Star SPIKE on GitHub

ADR-0029: Restrict Recovery and Restoration Operations to SPIKE Pilot


  • Status: accepted
  • Date: 2025-11-19
  • Tags: Security, Recovery, Access Control, SPIFFE

Context

SPIKE provides various operations that workloads can perform against SPIKE Nexus, including secret management (get, put, delete), policy management, and critical recovery operations (recover, restore). Most operations can be controlled through SPIKE’s policy system, allowing fine-grained access control based on SPIFFE IDs and other attributes.

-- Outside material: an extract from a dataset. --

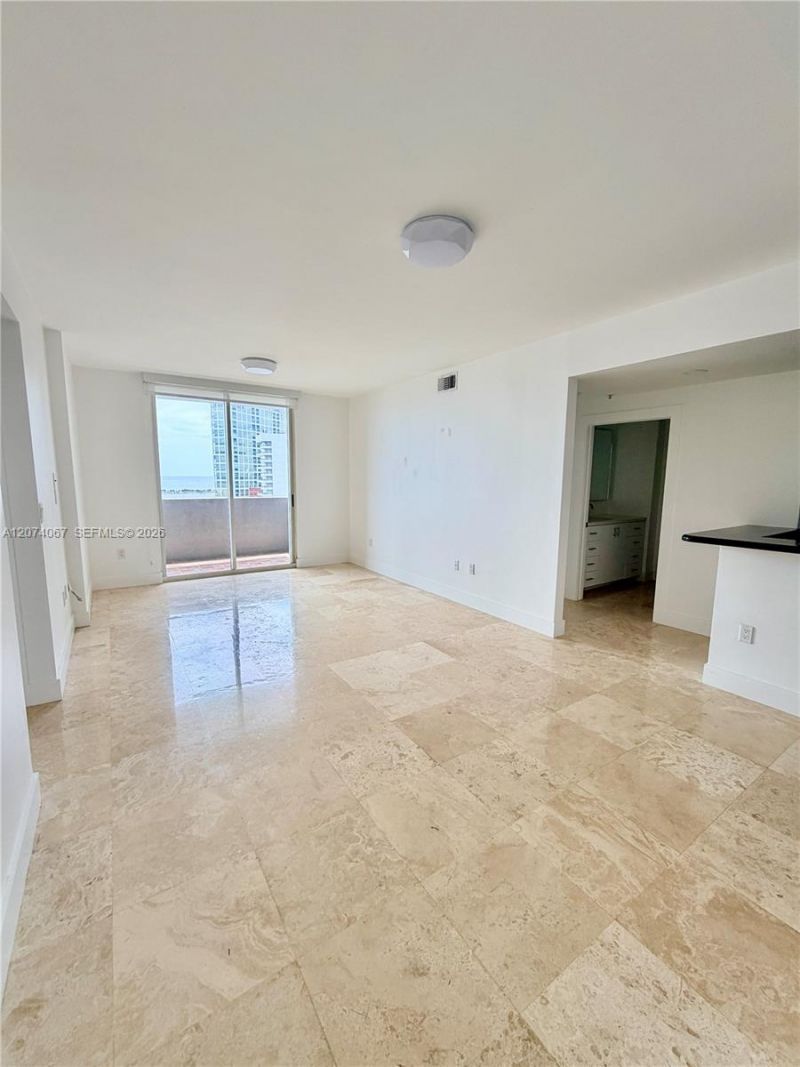 185 SE 14th Ter , Unit 2206, Miami, FL 33131 Photo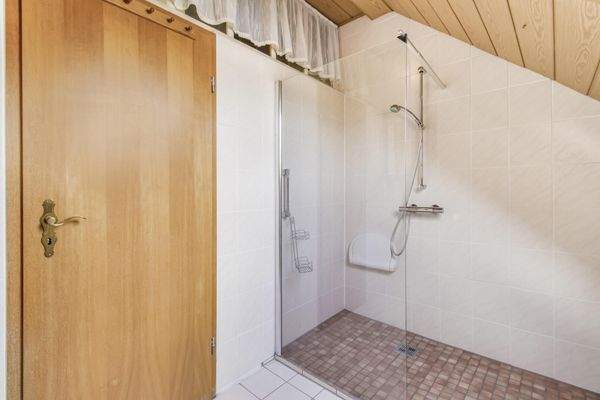 Badezimmer im Dachgeschoss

However, recovery and restoration operations are fundamentally different from regular operations:

  1. Recovery initiates the process of retrieving Shamir secret shards when SPIKE Nexus needs to be restored from a catastrophic failure
  2. Restoration submits these shards back to rebuild the root encryption key

These operations bypass normal secret access policies and directly manipulate the root cryptographic material that protects the entire secrets store. If compromised, an attacker could potentially decrypt all secrets in the system.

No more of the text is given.